According to local daily Komsomolskaya Pravda, Sedov estimates that the piles’ oldest fragments likely date to the 1830s, when the roof was last replaced. Many of the fragile artifacts are easily datable simply because they were published with that specific information — that by chance also survived not just sharp pecks but also weathering over time. Pages from calendars, for example, arrive from 1916 and 1917; a bulk of the find also consists of handwritten letters that often reveal their age along with elegant calligraphy probably executed by members of the aristocracy. Some of these are even marked with personal ink stamps or are still affixed with fragments of wax seals.
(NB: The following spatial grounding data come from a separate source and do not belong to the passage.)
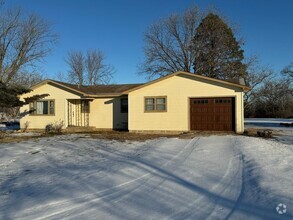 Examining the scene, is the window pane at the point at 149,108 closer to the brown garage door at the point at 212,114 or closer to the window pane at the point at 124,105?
the window pane at the point at 124,105

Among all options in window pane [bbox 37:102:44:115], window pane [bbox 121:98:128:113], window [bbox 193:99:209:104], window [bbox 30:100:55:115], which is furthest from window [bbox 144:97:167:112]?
window pane [bbox 37:102:44:115]

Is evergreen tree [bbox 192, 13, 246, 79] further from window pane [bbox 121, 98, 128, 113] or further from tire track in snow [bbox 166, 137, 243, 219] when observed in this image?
tire track in snow [bbox 166, 137, 243, 219]

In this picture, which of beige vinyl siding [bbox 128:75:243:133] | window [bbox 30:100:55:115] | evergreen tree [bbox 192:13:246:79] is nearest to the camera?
beige vinyl siding [bbox 128:75:243:133]

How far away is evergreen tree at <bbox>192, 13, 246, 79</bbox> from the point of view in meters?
33.6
Other documents record the town’s civic, religious, and educational affairs; among the lot: bus tickets, delivery contracts, a county court slip, students’ notebooks and diplomas, parish registers, and even church confessional statements. Less official are the examples of vintage candy wrappers that date to the 19th and early 20th centuries, from those by the still-active caramel candy-producer “Duchess” (Карамель Дюшес) that feature pears to some that depict the Sun image from a tarot deck, which package candy known as “caramel oracles” (Карамель Гадательная). A hint of another indulgence of a different nature arrives in the form of an incredibly well-preserved cigarette pack, produced by the Russian brand “Tary-Bary” (Тары-Бары). The illustrated scene, which shows three men in deep conversation, is actually a copy of Russian realist Vasily Grigorevich Perov’s 1871 painting, “The Hunters at Rest,” as some have noted. Contrasting with these tokens that suggest individual pleasures, however, are ration cards from the 1930s and early 1940s — artifacts of an era marked by Stalin’s harsh collectivization policies.
Although there are no official plans yet to place them on public display, many of the papers have already been sent to a laboratory for further examination. According to archaeologists, more information will eventually be released; the preliminary findings, however, already offer an intriguing glimpse of the day-to-day life in an old Russian town, captured through personal thoughts, feelings, experiences, and even waste — a trove perhaps made more miraculous by the fact that it was gathered by generations of unwitting avian archivists.